If you want to learn how to make coffee, it's not complicated. But there are a number of factors you should be aware of.
First, let's look at how to make coffee with the most popular of all coffee makers - the drip brewer.
Drip brewers are the most commonly used coffee makers and can be found in most households. They make a decent cup of coffee, although you might want to stay away from the lowest price range. The problem with cheaper drip brewers is that they don’t heat the water to the correct temperature, nor do they do a very consistent job of spraying the hot water over the coffee grinds.
“Good” can be a subjective term as everyone’s tastes and preferences differ.
But if, for instance, you like a medium roasted Colombian blend, buy quality beans from a reputable supplier.
In one regard, making gourmet coffee is the same as making a fine dinner. You'll never achieve a quality result unless you start with quality ingredients. With coffee, that means starting with first class coffee beans.
We have a page which lists companies that sell quality coffees online.
From the moment they come out of the roaster, coffee beans start to lose the subtleties of their flavors. The problem is exposure to air. So don’t buy from self-serve bins. Buy your coffee beans in an airtight bag. And look for bags which have a small, one-way valve.
Why do they have a valve? Because when beans come out of the roaster they “gas off”. If you put fresh roasted beans into a bag and seal it, the gases would build up in the bag and it would tear or explode. So quality coffee suppliers put the beans in bags with these one-way valves. The valve allows the gases from inside to get out of the bag, but it doesn’t allow any air into the bag.
These valves allow roasters to put beans into sealed bags as soon as possible after they have cooled down from the roasting process.
You can find out more about finding the freshest coffee beans here.
When you open the bag, transfer the beans into an airtight container of some kind, and then grind only as many beans as you need for each brew. It’s tempting to grind enough for a few days. But if you do, the ground coffee will lose some of its flavor.
As soon as coffee comes into contact with air, some of its volatile oils begin to evaporate. And those oils contain much of the flavor of the coffee bean.
And if you do buy beans in a bag from a bin at the supermarket, do the same - immediately pour them into an air-tight container.
Buy a coffee grinder that allows you to vary the coarseness of the coffee grinds. The grind should suit the coffee brewer you are using. Using the correct grind is a key element in how to make coffee you’ll really enjoy.
A Coarse Grind: This coffee grind is fairly large, suitable for French Presses and percolators.
Medium Grind: An all-purpose grind, suitable for most drip type brewers.
Fine Grind: This is the grind you would want for espresso.
You can buy the Capresso Infinity Burr Grinder in the photo above at Amazon.com.
Read our page about the various different types of coffee grinders.
Coffee is 98% water, and bad water can make a difference to the taste.
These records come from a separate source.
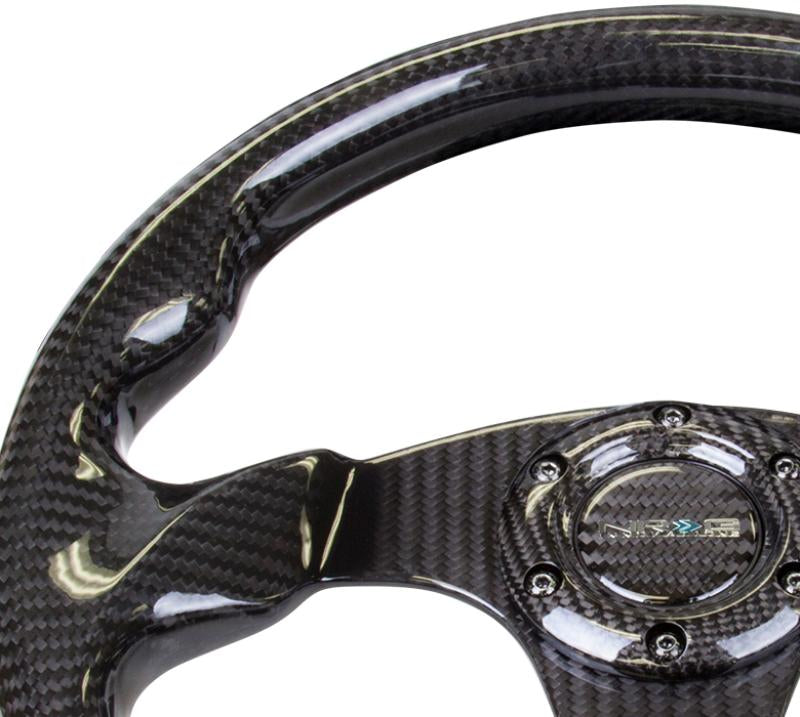 NRG Carbon Fiber Steering Wheel (320mm) Flat Bottom w/Shiny Black Carbon ST-009CF/BK Main Image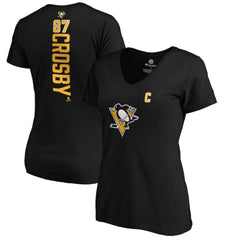 Sidney Crosby Pittsburgh Penguins Women's Playmaker V-Neck T-Shirt - Black | US 3908215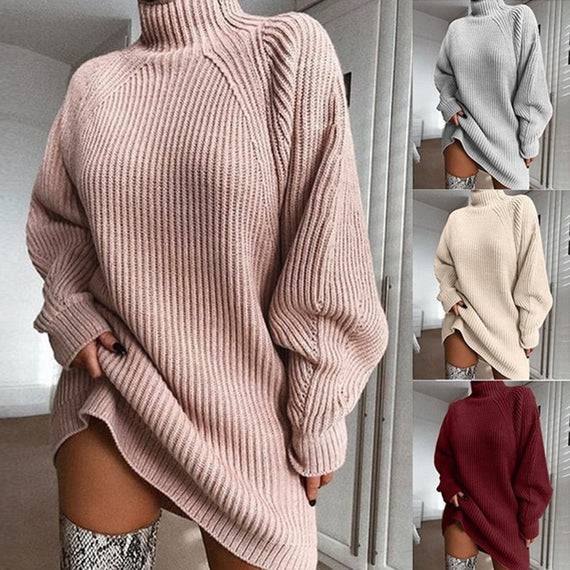 Women's Solid Turtleneck Long Sweater Dress – Winter Warm Knitwear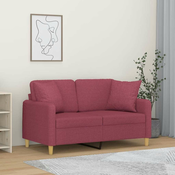 vidaXL vidaXL Kavč dvosed z blazinami vinsko rdeč 120 cm blago, (20910636)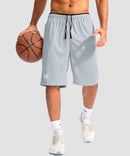 men's lightweight with zipper pockets short 11'' in bright gray - front view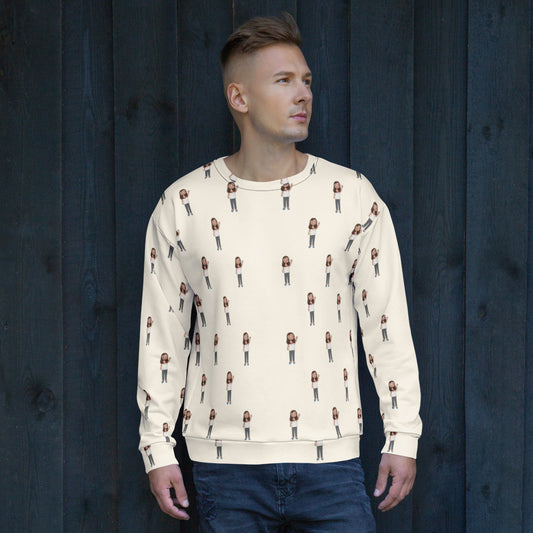 Defne Character All-Over Print Recycled Unisex Sweatshirt, Roots & Talks - lifestyle photo 1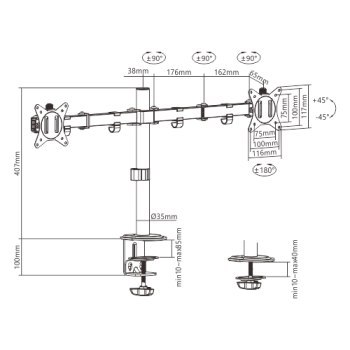 Uchwyt - GEMBIRD BIURKOWE REGULOWANE RAMIĘ/UCHWYT NA 2 MONITORY 17-32 100X100MM DO 9KG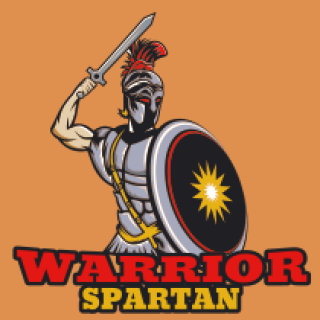 spartan mascot hold shield and sword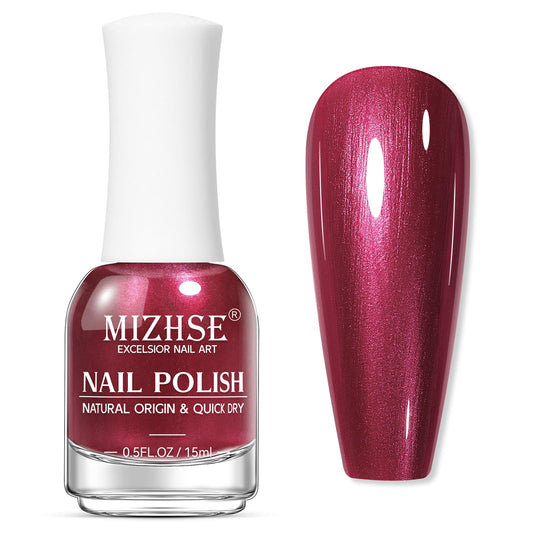 MIZHSE bottle front view showing pearlescent red polish and elegant branding, highlighting polish appeal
There’s little point in learning how to make coffee, and investing in good beans and a coffee maker, if the final taste is spoiled by poor water.
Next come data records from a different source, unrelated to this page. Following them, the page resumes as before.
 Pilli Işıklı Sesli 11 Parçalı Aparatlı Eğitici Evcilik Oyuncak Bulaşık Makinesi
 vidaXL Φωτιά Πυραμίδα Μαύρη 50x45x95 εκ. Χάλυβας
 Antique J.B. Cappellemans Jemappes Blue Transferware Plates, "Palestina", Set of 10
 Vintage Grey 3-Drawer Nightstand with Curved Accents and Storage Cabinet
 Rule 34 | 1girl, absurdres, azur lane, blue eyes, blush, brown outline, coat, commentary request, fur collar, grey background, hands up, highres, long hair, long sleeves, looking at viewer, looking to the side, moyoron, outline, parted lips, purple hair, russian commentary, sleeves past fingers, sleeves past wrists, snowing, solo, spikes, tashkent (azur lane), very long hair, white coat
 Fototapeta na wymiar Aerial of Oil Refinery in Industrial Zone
If you have good tap water, that’s fine. But if you don’t, try filtering the water before you brew. Or, for those of us with terrible tasting water, use bottled water.
For every 6 ounces of water, you need 2 level tablespoons or 1 standard coffee measure of ground coffee.
6 ounces will give you a cup of coffee, but not a mug. If you are making a mug of coffee, that's more like 8 ounces, and you'll want to use 2 ½ to 3 level tablespoons of ground coffee.
Tip: When in doubt, always add a little more ground coffee. The number one reason for coffee tasting disappointing is because you used too much water and too little ground coffee. In other words, the coffee is too weak.
If you are brewing enough for four mugs of coffee, simply multiply the amount of ground coffee you need by four. And so on.
Again, most machines will set the water temperature for you. But when you use a French Press, you’ll be boiling the water yourself. Don’t use boiling water. First, boil the water and then let it cool for a minute or two. The best temperature for making coffee is just a little below boiling point.
These are just the fundamentals of how to make coffee. There's plenty more to learn. But if you get these right, you'll be making a better brew than most people.
With drip brewers you don’t have control over the brewing time. But you do with a French Press. Different experts suggest different times. But somewhere between 3 and 5 minutes should do the trick.
Something to watch for is that older drip brewers or single serve brewers may begin to take longer and longer to complete the brew. This may be due to clogged tubes or failing pumps. But when it take 10 minutes or more to complete the brew, you'll not be getting the best taste.
First, try descaling your brewer. If that doesn't work, it may be time to get a new machine.